To detect differential methylation between CpG loci in different experimental groups, we can perform an ANOVA test. For this tutorial, we will perform a simple two-way ANOVA to compare the methylation states of the two experimental groups.
A new child spreadsheet, mvalue, is created when Detect Differential Methylation is selected. M-values are an alternative metric for measuring methylation. β-values can be easily converted to M-values using the following equation: M-value = log2( β / (1 - β)).

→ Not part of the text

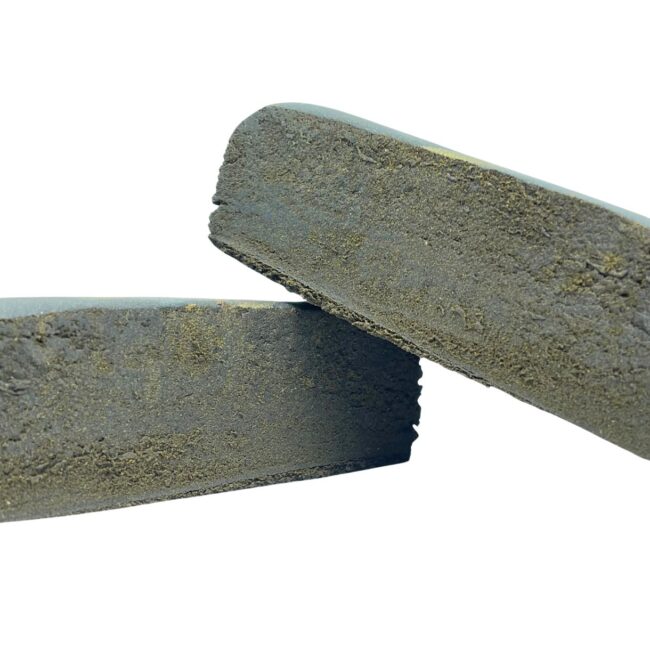 VENOM HASH - BALANCED HYBRID - (A) - Image 3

An M-value close to 0 for a CpG site indicates a similar intensity between the methylated and unmethylated probes, which means the CpG site is about half-methylated. Positive M-values mean that more molecules are methylated than unmethylated, while negative M-values mean that more molecules are unmethylated than methylated. As discussed by Du and colleagues, the β-value has a more intuitive biological interpretation, but the M-value is more statistically valid for the differential analysis of methylation levels.
Because we are performing differential methylation analysis, Partek Genomics Suite automatically creates an M-values spreadsheet to use for statistical analysis.
For methylation data, fold-change comparisons are not appropriate. Instead, comparisons should be reported as the difference between groups.
The Contrasts... button of the ANOVA dialog now reads Contrasts Included
If this is the first time you have analyzed a MethylationEPIC array using the Partek Genomics Suite software, the manifest file may need to be configured. If it needs configuration, the Configure Annotation dialog will appear (Figure 3).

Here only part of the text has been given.